I'm using Visual Web Ripper to extract name and prices on products on a website.
When i extract the price from a table it comes in a form like this:
Kr. 129,30
I need to extract the 129,30, then turn the comma to a dot (129.30).
Visual Web Ripper can use scripts to modify the extracted content. It can use standard Regex, C# and VB.NET.
In the Regex tab I have found that
(\d+.)?(\d+)(.\d+)?
gives me 129,30, but then I can't change the comma into a dot.
Therefor I have to use C#. It comes with this standard script:
using System;
using VisualWebRipper.Internal.SimpleHtmlParser;
using VisualWebRipper;
public class Script
{
//See help for a definition of WrContentTransformationArguments.
public static string TransformContent(WrContentTransformationArguments args)
{
try
{
//Place your transformation code here.
//This example just returns the input data
return args.Content;
}
catch(Exception exp)
{
//Place error handling here
args.WriteDebug("Custom script error: " + exp.Message);
return "Custom script error";
}
}
}
How do I modify it to extract the number then replace the comma with a dot?

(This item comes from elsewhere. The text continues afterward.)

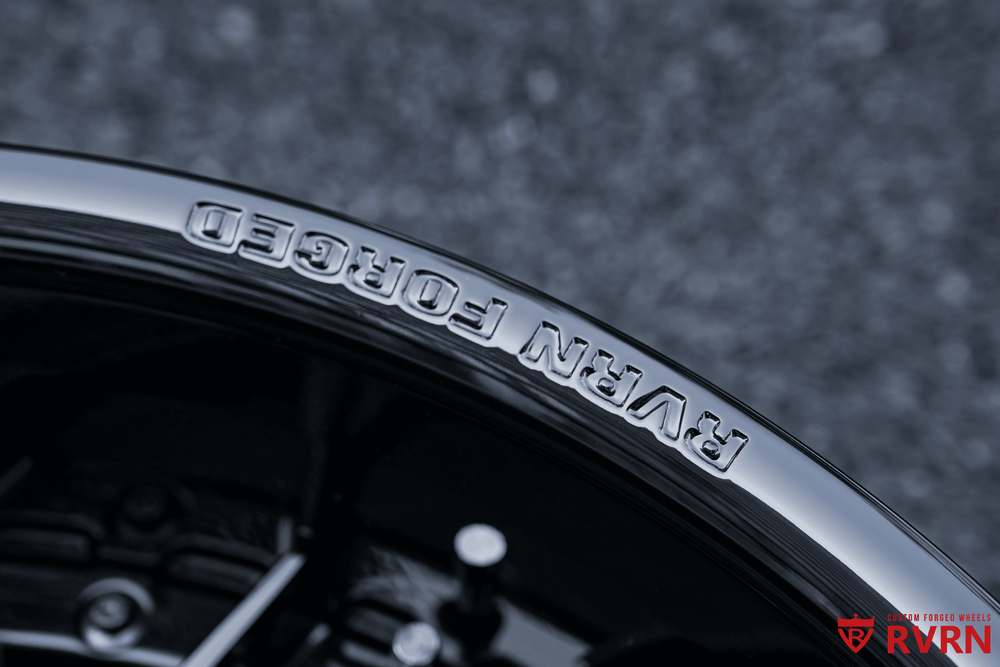 Aggressive wheel fitment on 2005 Mustang GT, RV-DN02 forged wheels with deep concave profile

This is obviously Krona, so we should use the Swedish culture info to translate it. First we start with the input:
var original = "Kr. 129,30";
Get the culture:
using System.Globalization;
var culture = CultureInfo.GetCultureInfo("sv-SE");
This culture expects the currency string to be kr
(case insensitive) but we have Kr.
. So let's update it:
var format = (NumberFormatInfo)culture.NumberFormat.Clone();
format.CurrencySymbol = "Kr.";
And now the culture aware parse:
var number = Decimal.Parse(original, NumberStyles.Currency, format);
Now number
contains a decimal that has been parsed correctly.